Will Q1 2017 continue to see high prices in QLD?

Prices were already high, but increased on Saturday 14 January 2017. With warm weather bringing high demand there is an opportunity for participants in QLD to reduce their output and increase prices when the interconnector is at capacity.

The only real difference between Wednesday and Saturday is that Saturday is an off-peak period and Stanwell could have a different contract position during off-peak. This means that it may be more profitable for Stanwell to reduce generation and increase prices during off-peak. This could continue throughout the quarter. It is worth noting that the main competitor (CS Energy) didn’t decrease their generation. Stanwell would not want to lose market share to its main competitor and may therefore not be as inclined to remove generation in future periods as this could mean surrendering market share.

AGL considering Loy Yang A shutdown in response to industrial action

Update 16/12/2016: According to the Australian Financial Review (AFR) The Construction, Forestry, Mining and Energy Union (CFMEU) has backed down on its threats of industrial action at AGL Energy’s Loy Yang power station, putting an end to a whirlwind eight hours that saw AGL responding with an indefinite shut down and the Victorian government intervening to avert significant damage to the state’s energy supplies.

An ongoing dispute regarding pay and conditions at the Loy Yang A power station in Victoria could result in industrial action and subsequent employer action at the facility.

AGL’s negotiation with the CFMEU over an 18 month period has failed to yield an agreement to suit all parties. This led to the Fair Work Commission granting approval to CFMEU’s application for a ballot of its members on taking industrial action. The resulting ballot showed support for this course of action.

Due to this outcome, AGL has now advised the market operator (AEMO) that it intends to take employer response action to the proposed industrial action at Loy Yang A power station. The response will be a full site lock-out at both the Loy Yang A power station as well as the adjacent mine. The lock-out at the mine would curtail fuel supply to Engie-owned Loy Yang B power station. AGL has advised that the lock-out would commence on 28 December 2016 and last for an indefinite duration.
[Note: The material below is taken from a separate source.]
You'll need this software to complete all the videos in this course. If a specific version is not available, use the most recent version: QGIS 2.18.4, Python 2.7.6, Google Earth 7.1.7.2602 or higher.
The news comes as the market operator is already predicting a tight supply / demand balance for the quarter. The most recent forecast doesn’t take this news into account but shows that Victoria was already relying on its interconnectors to keep up with demand in the state. A reserve shortfall was originally expected to occur on 22 and 23 December and will therefore not be affected by this announcement.
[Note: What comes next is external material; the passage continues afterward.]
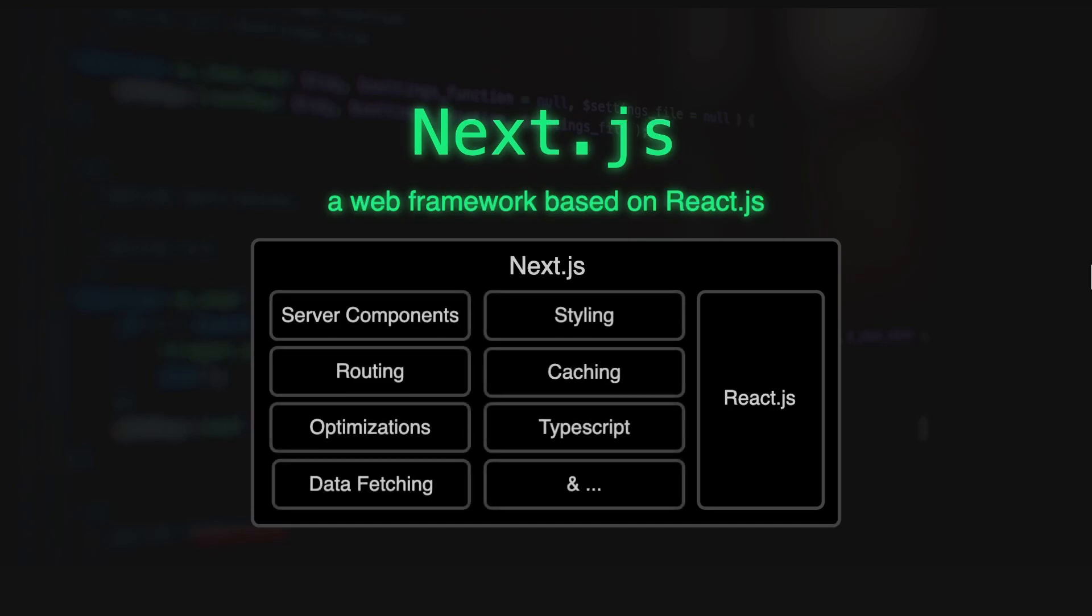It has a lot of features including server components, routing, optimizations, data fetching, styling, caching, TypeScript, and more.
Figure 1: Reserve capacity for Victoria Source: AEMO

The loss of Loy Yang A (2,305 MW brown coal) and a reduction at Loy Yang B (1,120 MW brown coal) is likely to increase the number of reserve shortfalls and could lead to involuntary load shedding. The Victorian brown coal generators are also responsible for keeping prices down and stabilising the system.  During Q116, Loy Yang A provided 35% of the state’s average load and Loy Yang B provided 19%. Without the base loaders, the more expensive peaking generators will have to provide more generation which will be at a much higher price.

It is not just Victoria affected by the planned industrial action. South Australia is heavily dependent on Victoria for both prices and energy support. With potential shortages in Victoria, South Australia will struggle during times of low wind. Other regions will be affected as well. We saw earlier that the planned March 2017 shut-down of Hazelwood (1,820 MW brown coal) increased the forward prices across the entire NEM.
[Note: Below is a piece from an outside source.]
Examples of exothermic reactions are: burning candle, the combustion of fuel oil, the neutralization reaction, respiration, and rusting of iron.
The announcement today is likely to affect Q117 contracts and maybe even beyond. Victoria will not be able to sustain the loss of both Hazelwood and Loy Yang A and it is likely that either the lock-out will be called off or Hazelwood will have to keep operating for longer if the unions and AGL cannot find agreement before March 2017 when Hazelwood is scheduled to come off.

The market operator will update its outlook for the period once the market has had a chance to respond to the news.